Restate each entry shown beneath this instruction, keeping its wording intact.

▶ **THE DATA**:
_ _ _ _ _ _ _

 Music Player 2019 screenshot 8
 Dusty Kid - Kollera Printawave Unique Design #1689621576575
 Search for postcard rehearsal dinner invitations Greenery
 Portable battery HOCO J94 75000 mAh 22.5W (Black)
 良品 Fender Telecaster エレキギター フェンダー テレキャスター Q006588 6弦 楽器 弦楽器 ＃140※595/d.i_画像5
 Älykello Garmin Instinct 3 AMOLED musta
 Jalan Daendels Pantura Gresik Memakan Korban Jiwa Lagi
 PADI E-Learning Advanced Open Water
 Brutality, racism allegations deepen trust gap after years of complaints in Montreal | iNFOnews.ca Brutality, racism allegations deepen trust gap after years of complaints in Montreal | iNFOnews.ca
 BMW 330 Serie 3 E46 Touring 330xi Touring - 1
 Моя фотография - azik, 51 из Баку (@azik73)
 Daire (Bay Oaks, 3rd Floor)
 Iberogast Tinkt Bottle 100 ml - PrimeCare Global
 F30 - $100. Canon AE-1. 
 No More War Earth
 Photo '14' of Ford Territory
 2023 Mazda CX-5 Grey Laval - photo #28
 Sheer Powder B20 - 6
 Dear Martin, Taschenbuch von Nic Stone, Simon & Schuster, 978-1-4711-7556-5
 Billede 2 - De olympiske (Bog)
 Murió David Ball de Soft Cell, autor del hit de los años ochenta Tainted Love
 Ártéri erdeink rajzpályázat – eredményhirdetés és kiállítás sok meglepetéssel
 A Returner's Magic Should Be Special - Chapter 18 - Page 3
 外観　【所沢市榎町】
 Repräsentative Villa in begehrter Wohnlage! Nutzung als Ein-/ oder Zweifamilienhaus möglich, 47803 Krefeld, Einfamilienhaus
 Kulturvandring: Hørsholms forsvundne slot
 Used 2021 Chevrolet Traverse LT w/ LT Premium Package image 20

_ _ _ _ _ _ _

▶ **COMPLETED TASK**:
 Music Player 2019 screenshot 8
 Dusty Kid - Kollera Printawave Unique Design #1689621576575
 Search for postcard rehearsal dinner invitations Greenery
 Portable battery HOCO J94 75000 mAh 22.5W (Black)
 良品 Fender Telecaster エレキギター フェンダー テレキャスター Q006588 6弦 楽器 弦楽器 ＃140※595/d.i_画像5
 Älykello Garmin Instinct 3 AMOLED musta
 Jalan Daendels Pantura Gresik Memakan Korban Jiwa Lagi
 PADI E-Learning Advanced Open Water
 Brutality, racism allegations deepen trust gap after years of complaints in Montreal | iNFOnews.ca Brutality, racism allegations deepen trust gap after years of complaints in Montreal | iNFOnews.ca
 BMW 330 Serie 3 E46 Touring 330xi Touring - 1
 Моя фотография - azik, 51 из Баку (@azik73)
 Daire (Bay Oaks, 3rd Floor)
 Iberogast Tinkt Bottle 100 ml - PrimeCare Global
 F30 - $100. Canon AE-1. 
 No More War Earth
 Photo '14' of Ford Territory
 2023 Mazda CX-5 Grey Laval - photo #28
 Sheer Powder B20 - 6
 Dear Martin, Taschenbuch von Nic Stone, Simon & Schuster, 978-1-4711-7556-5
 Billede 2 - De olympiske (Bog)
 Murió David Ball de Soft Cell, autor del hit de los años ochenta Tainted Love
 Ártéri erdeink rajzpályázat – eredményhirdetés és kiállítás sok meglepetéssel
 A Returner's Magic Should Be Special - Chapter 18 - Page 3
 外観　【所沢市榎町】
 Repräsentative Villa in begehrter Wohnlage! Nutzung als Ein-/ oder Zweifamilienhaus möglich, 47803 Krefeld, Einfamilienhaus
 Kulturvandring: Hørsholms forsvundne slot
 Used 2021 Chevrolet Traverse LT w/ LT Premium Package image 20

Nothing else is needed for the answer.